**** The records ****
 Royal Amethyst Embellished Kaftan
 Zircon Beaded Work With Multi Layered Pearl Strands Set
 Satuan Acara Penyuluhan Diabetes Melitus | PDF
****
**** The records ****
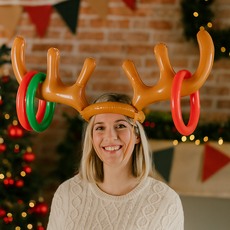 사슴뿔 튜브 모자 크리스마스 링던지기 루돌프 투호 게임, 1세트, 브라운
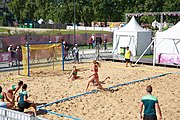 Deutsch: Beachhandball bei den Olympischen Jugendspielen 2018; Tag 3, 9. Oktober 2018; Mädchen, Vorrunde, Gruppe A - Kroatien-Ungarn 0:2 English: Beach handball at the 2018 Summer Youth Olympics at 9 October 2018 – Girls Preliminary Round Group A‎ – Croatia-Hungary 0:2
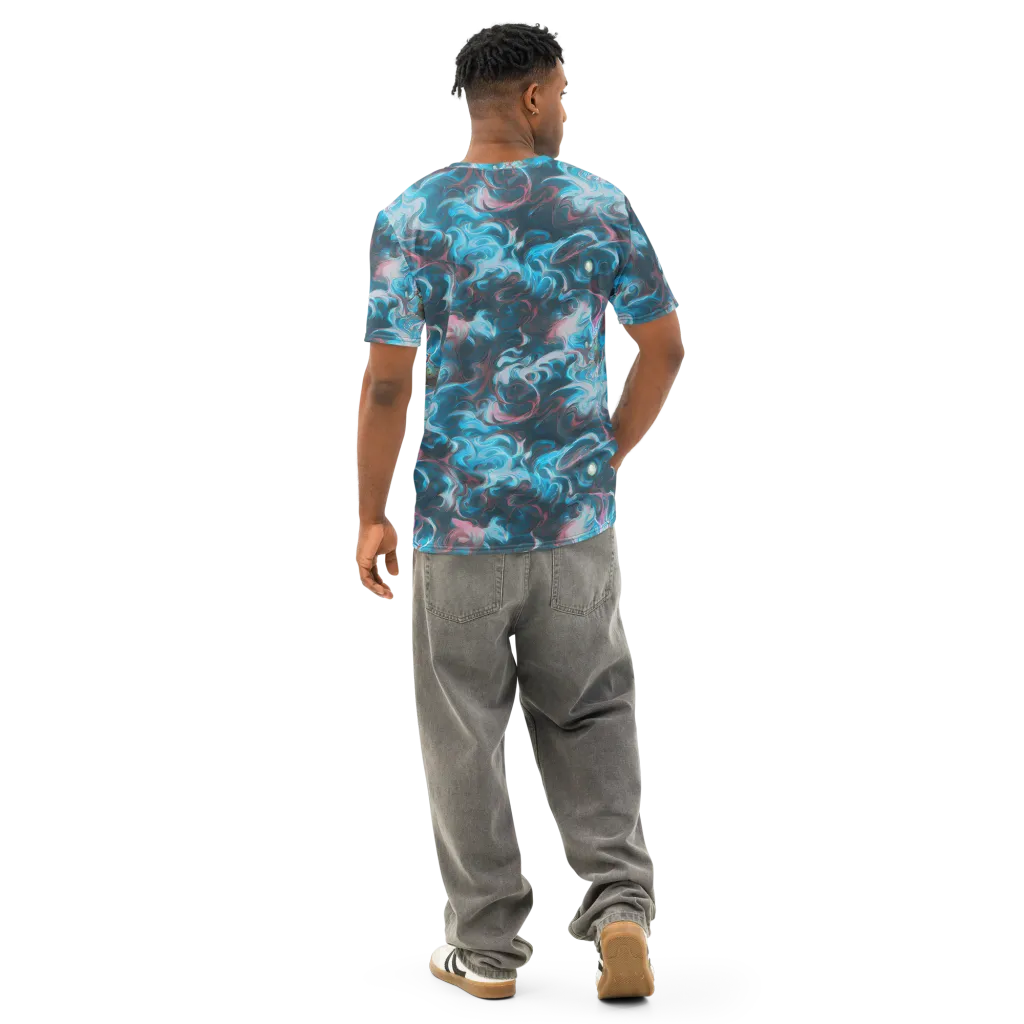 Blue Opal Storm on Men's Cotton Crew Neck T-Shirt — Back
****
-- Description of the task --
Please give back, exactly as it stands above, the stretch from the line with "Royal Amethyst Embellished Kaftan" through the line with "Satuan Acara Penyuluhan", and no line outside it.

-- Solution to this task --
 Royal Amethyst Embellished Kaftan
 Zircon Beaded Work With Multi Layered Pearl Strands Set
 Satuan Acara Penyuluhan Diabetes Melitus | PDF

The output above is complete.